* _YOUR INSTRUCTIONS_
Pictures appear among the records below and must be omitted. Repeat exactly the lines from the line with "PERFIL DEJABA EN" to the line with "vidaXL Αρχειοθήκη Βιομηχανικού", both included.

* _DATA_
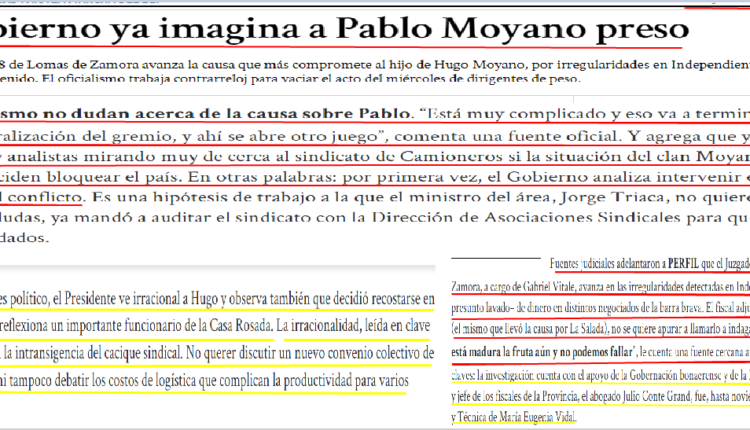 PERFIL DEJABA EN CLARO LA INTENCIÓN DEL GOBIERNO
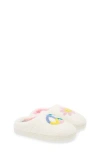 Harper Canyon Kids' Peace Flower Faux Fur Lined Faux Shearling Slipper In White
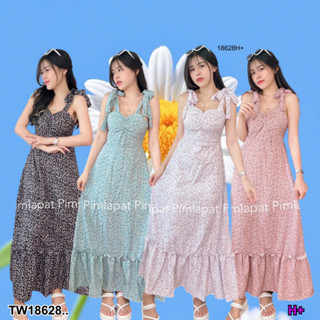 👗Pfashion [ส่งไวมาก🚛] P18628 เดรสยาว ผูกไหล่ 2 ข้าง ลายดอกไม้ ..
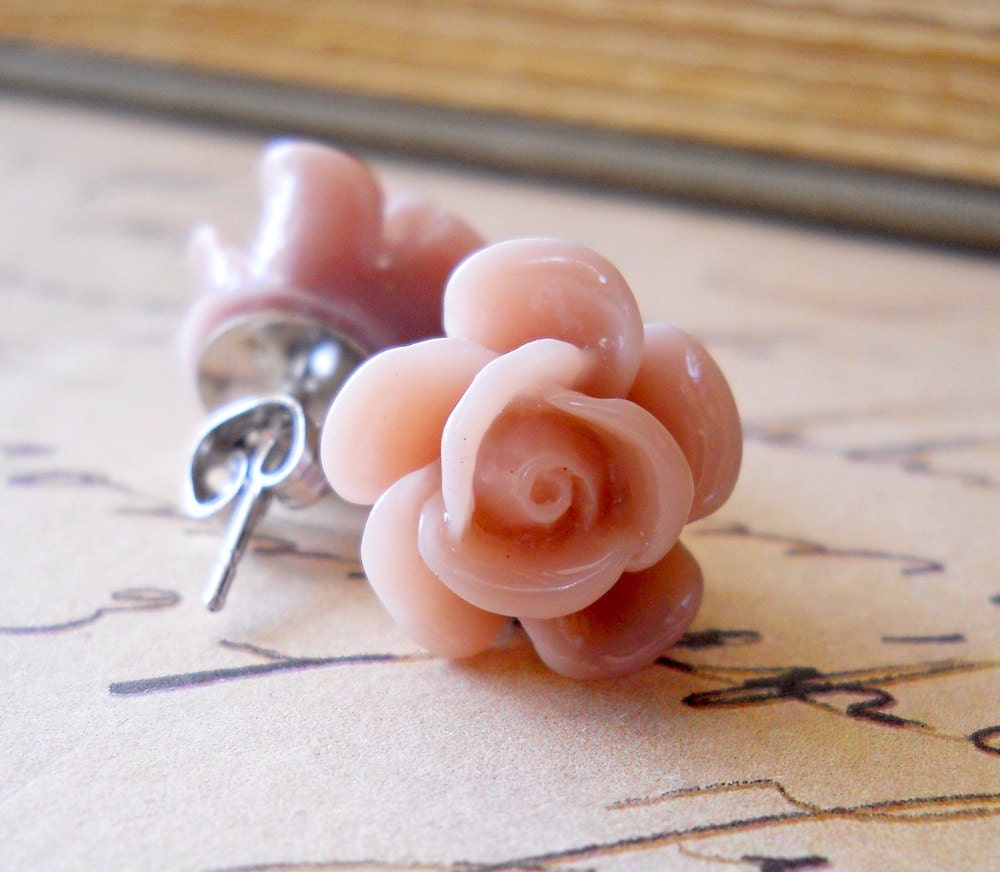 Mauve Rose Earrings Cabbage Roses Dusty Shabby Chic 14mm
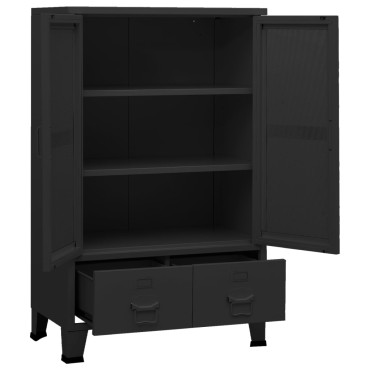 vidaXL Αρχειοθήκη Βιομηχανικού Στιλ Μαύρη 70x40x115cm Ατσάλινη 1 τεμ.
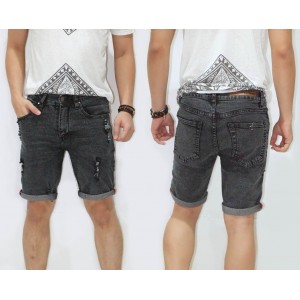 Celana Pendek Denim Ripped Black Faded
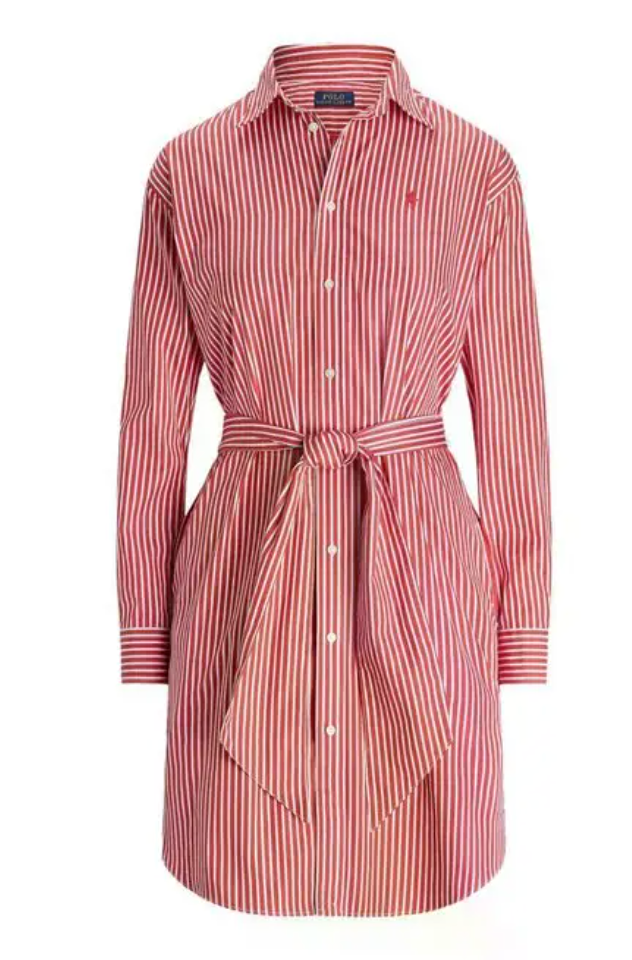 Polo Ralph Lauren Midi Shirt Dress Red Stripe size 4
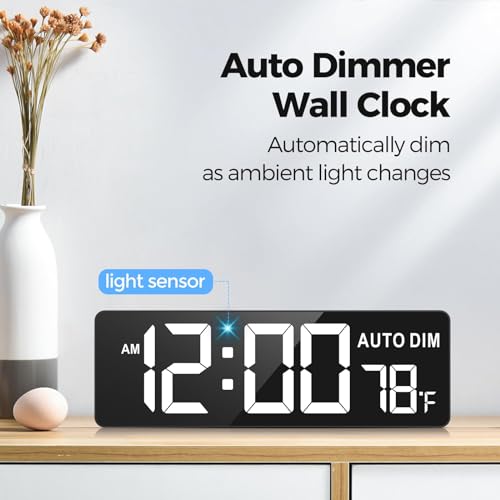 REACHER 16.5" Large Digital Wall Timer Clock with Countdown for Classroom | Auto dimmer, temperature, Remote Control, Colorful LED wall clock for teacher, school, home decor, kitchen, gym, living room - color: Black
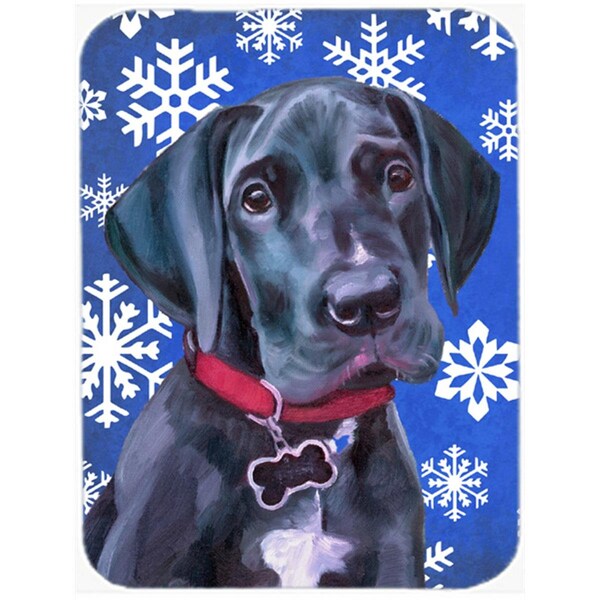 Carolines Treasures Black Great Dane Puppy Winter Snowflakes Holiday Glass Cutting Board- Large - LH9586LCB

---

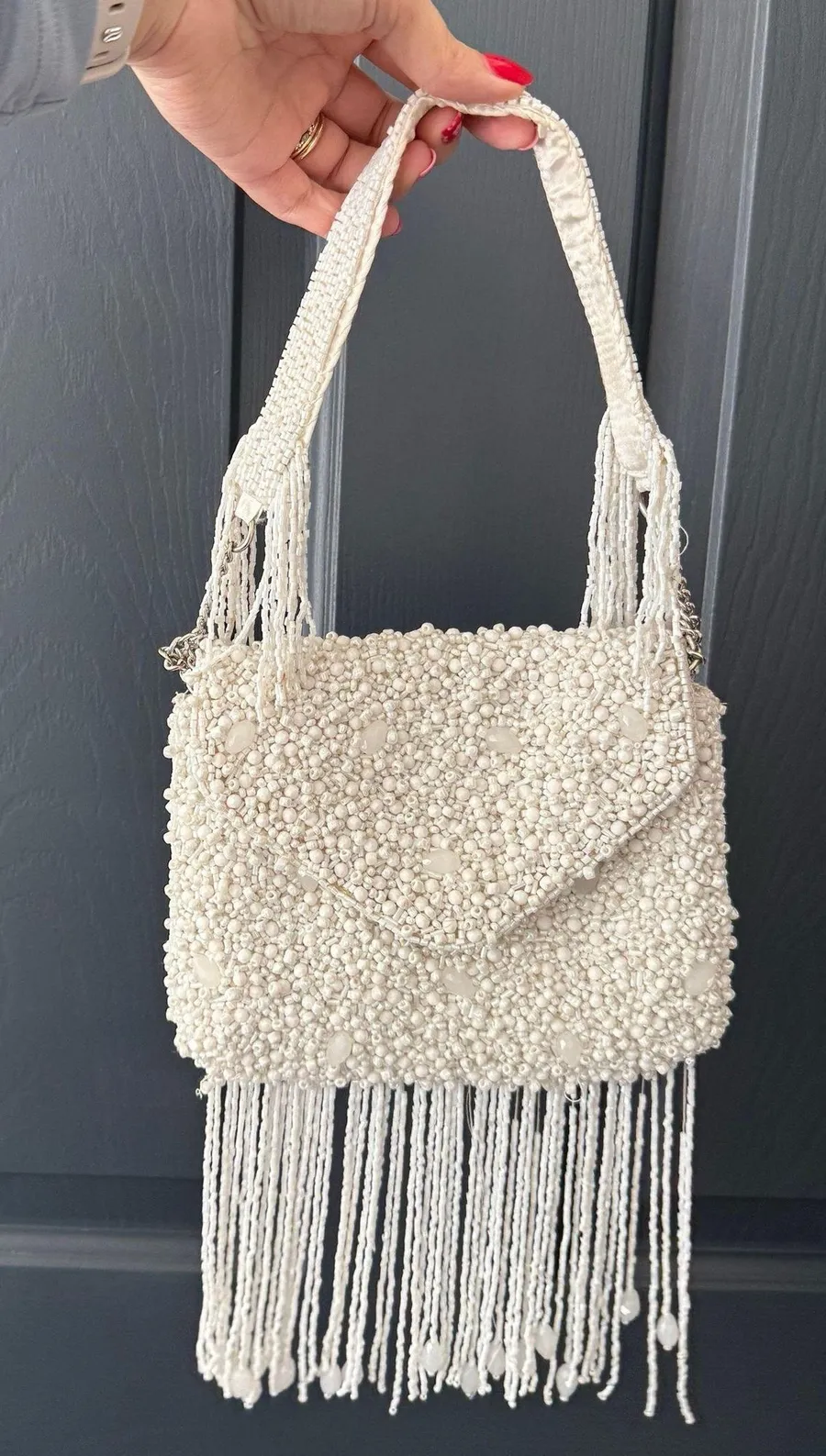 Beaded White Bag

* _TASK ANSWER_
 PERFIL DEJABA EN CLARO LA INTENCIÓN DEL GOBIERNO
 Harper Canyon Kids' Peace Flower Faux Fur Lined Faux Shearling Slipper In White
 👗Pfashion [ส่งไวมาก🚛] P18628 เดรสยาว ผูกไหล่ 2 ข้าง ลายดอกไม้ ..
 Mauve Rose Earrings Cabbage Roses Dusty Shabby Chic 14mm
 vidaXL Αρχειοθήκη Βιομηχανικού Στιλ Μαύρη 70x40x115cm Ατσάλινη 1 τεμ.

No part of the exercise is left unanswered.